Inzwischen habe ich Studien gelesen, die zeigen, dass gerade Mädchen, die objektiv einem Schönheitsideal entsprechen, mehr Selbstzweifel haben als andere. Dabei sollte es Schönheitsideale meiner Meinung nach gar nicht geben. „Pretty Happy“ ist meine größenwahnsinnige Hoffnung, dass wir akzeptieren, jeder Selbstzweifel haben darf und wir das ernst nehmen, und auch, dass wir Frauen aufhören, uns untereinander zu beurteilen. Wer schön ist, ist nicht nur nicht automatisch glücklich, sondern auch nicht automatisch selbstbewusst und mit sich im Reinen. Man muss aufpassen, sie nicht auf ihr Aussehen zu reduzieren.

Was hat letztendlich den Ausschlag dafür gegeben, dass Sie dieses Buch schreiben wollten?

Als ich mit Freundinnen zusammen saß und jede sich über etwas anderes beschwert hat – hier Pickel, dort drei Kilogramm zu viel – da habe ich mich gefragt, ob eine der Anwesenden überhaupt weiß, wer unser Bundespräsident ist. Die Antwort: Nein. Und dann habe ich mich gefragt, wie es sein kann, dass Schönheit in unserer Gesellschaft vor Inhalt kommt. An dem Tag habe ich Vivien angerufen und ihr gesagt, dass wir dieses Buch zusammen schreiben werden.

In der Danksagung Ihres zweiten Buchs versprechen Sie Ihrem Verlobten, ganz bestimmt kein drittes zu schreiben. Werden Sie sich daran halten?

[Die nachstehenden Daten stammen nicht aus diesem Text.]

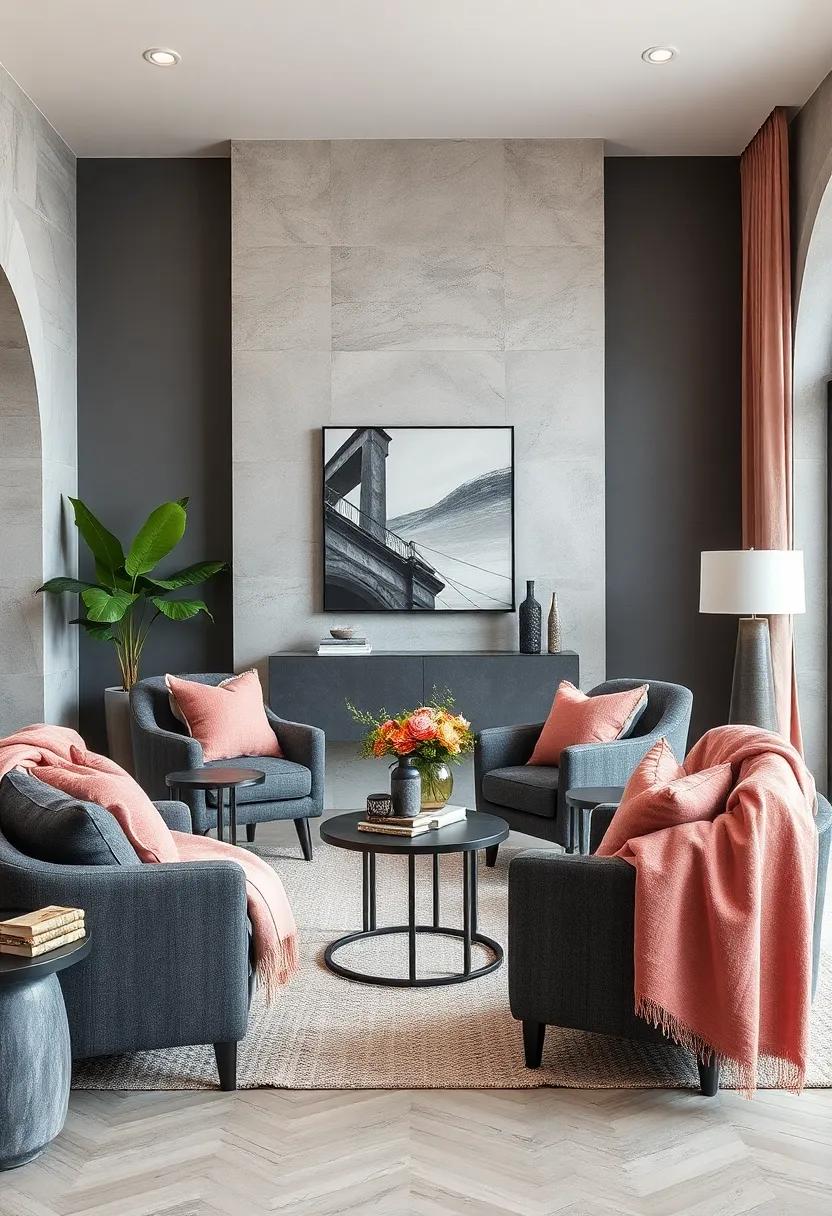 Layer‍ dusty rose throws over charcoal armchairs in a living room to add depth and warmth while maintaining stylish appeal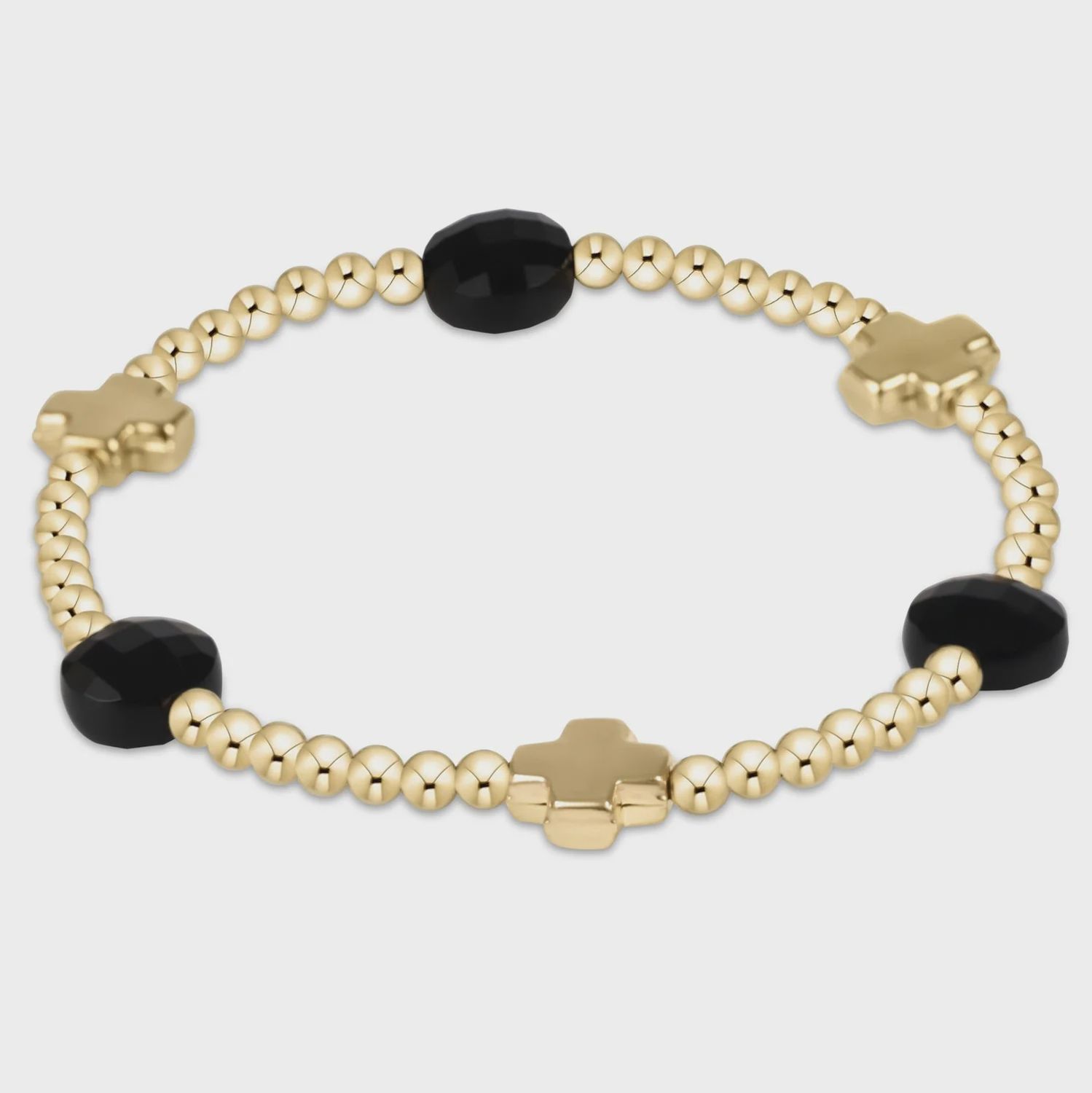 Signature Cross Admire Gold Pattern 3mm Bead Bracelet - Faceted Onyx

Ehrlich gesagt habe ich für „Pretty Happy“ ein anderes Buch verschoben. Es sollte „Mehr Geld als Verstand“ heißen und eine gesellschaftliche Analyse meiner Generation sein. Ich bin leider schwer zu ertragen, wenn ich schreibe. (lacht) Deshalb muss ich mal schauen, ob mein Verlobter und ich ein drittes Buch überstehen. Ich glaube, er braucht jetzt mal ein Jahr Pause – und dann kann ich anfangen.